TASK PROMPT: Restate the data below word for word. Skip any images it contains.

INFORMATION SHOWN:
━━━━━━━━

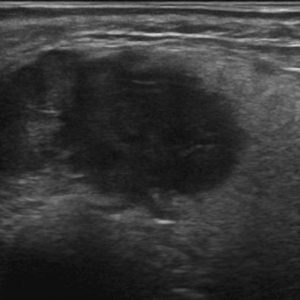 U tuyến nước bọt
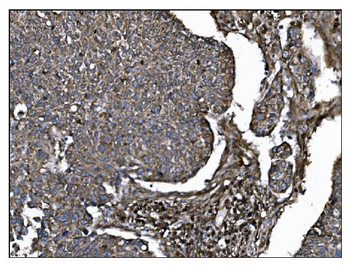 CD39/ENTPD1 Rabbit Polyclonal Antibody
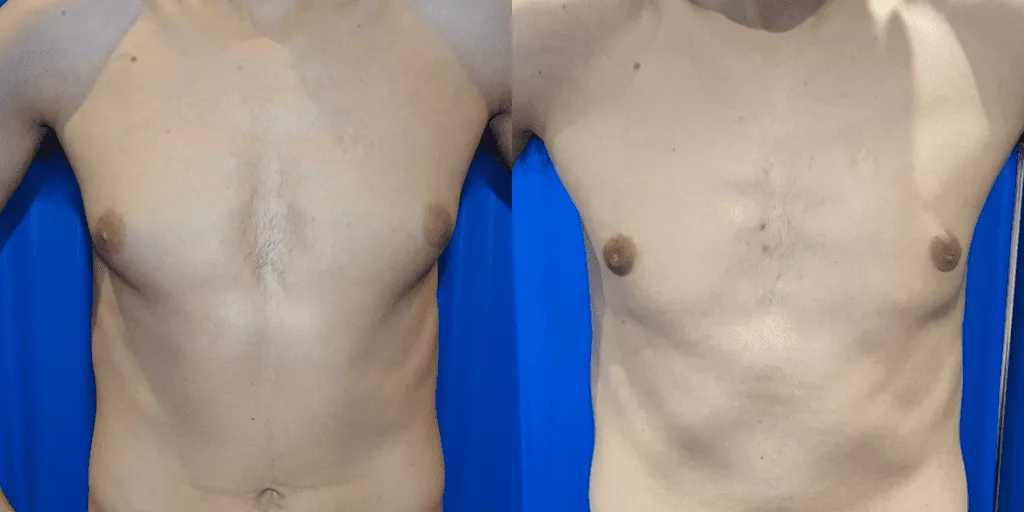 Does Gynecomastia Go Away?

━━━━━━━━

SOLUTION:
 U tuyến nước bọt
 CD39/ENTPD1 Rabbit Polyclonal Antibody
 Does Gynecomastia Go Away?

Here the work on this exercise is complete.